Task to carry out:
Count how many lines of the material below have the word "upper" and give only the number.
════════════════
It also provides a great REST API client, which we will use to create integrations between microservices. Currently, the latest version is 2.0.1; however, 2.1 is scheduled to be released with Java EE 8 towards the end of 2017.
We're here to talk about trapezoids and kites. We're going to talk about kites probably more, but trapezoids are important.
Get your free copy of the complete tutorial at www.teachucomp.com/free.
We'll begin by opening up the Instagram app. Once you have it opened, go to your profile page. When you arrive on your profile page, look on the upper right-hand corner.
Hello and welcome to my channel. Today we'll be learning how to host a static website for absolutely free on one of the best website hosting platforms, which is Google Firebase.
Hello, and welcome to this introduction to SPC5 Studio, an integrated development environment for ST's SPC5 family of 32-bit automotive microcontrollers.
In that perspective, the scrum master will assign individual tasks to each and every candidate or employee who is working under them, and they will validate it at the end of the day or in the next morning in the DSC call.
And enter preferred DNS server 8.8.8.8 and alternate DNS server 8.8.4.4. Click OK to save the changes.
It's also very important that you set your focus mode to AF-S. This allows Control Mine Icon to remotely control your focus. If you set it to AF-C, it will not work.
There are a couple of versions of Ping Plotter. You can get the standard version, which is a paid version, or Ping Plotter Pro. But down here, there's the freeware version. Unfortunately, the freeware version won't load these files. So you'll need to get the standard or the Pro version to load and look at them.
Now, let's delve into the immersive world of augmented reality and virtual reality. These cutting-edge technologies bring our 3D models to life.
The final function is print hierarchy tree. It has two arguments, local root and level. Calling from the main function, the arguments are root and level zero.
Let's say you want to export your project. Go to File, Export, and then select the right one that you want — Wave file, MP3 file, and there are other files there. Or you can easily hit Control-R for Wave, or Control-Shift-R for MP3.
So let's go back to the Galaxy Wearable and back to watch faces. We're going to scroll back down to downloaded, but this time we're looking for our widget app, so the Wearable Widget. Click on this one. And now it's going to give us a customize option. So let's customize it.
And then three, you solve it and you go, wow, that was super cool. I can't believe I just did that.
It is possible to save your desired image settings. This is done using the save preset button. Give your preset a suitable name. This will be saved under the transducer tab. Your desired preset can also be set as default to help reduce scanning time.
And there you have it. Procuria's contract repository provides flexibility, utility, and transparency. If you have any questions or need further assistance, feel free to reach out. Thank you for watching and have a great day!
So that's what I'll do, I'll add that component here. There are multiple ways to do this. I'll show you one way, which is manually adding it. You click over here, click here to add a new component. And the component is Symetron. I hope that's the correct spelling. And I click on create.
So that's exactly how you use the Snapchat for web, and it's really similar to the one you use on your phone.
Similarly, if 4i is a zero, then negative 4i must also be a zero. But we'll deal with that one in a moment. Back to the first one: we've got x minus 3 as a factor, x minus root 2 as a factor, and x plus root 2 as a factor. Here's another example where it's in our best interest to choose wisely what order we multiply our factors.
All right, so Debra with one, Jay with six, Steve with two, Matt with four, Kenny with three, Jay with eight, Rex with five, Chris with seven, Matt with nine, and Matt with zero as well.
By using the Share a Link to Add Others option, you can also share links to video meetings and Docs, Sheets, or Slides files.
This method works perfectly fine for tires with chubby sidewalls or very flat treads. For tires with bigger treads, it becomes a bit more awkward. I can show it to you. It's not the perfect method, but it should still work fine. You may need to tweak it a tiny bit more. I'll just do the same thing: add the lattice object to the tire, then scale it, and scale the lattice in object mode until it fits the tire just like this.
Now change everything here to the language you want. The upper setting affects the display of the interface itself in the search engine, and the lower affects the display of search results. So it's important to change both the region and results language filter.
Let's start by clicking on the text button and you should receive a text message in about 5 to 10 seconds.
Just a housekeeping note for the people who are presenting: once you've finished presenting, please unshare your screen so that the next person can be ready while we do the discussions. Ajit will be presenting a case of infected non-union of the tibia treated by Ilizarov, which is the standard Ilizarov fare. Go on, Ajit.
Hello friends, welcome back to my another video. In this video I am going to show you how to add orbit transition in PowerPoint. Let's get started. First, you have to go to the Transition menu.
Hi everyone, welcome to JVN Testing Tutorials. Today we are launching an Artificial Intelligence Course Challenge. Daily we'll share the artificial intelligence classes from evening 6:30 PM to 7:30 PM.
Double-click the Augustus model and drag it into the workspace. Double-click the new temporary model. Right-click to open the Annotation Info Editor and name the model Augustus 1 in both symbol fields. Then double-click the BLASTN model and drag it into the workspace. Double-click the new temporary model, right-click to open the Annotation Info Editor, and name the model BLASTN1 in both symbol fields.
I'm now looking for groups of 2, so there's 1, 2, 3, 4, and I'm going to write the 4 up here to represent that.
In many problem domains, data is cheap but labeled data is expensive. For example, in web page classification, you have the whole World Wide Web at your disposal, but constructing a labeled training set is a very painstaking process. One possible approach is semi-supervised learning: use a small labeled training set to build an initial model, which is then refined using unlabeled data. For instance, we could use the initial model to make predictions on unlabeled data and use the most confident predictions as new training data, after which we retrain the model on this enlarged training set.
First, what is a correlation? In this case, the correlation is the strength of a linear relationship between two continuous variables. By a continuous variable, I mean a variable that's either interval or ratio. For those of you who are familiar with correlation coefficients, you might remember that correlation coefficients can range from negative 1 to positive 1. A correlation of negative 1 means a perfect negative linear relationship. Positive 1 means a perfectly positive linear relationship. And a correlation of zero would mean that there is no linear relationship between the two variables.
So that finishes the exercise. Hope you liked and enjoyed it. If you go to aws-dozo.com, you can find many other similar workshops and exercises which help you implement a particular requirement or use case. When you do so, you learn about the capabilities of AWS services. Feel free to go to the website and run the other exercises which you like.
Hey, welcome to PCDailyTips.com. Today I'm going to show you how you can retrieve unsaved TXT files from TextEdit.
════════════════
Written answer:
2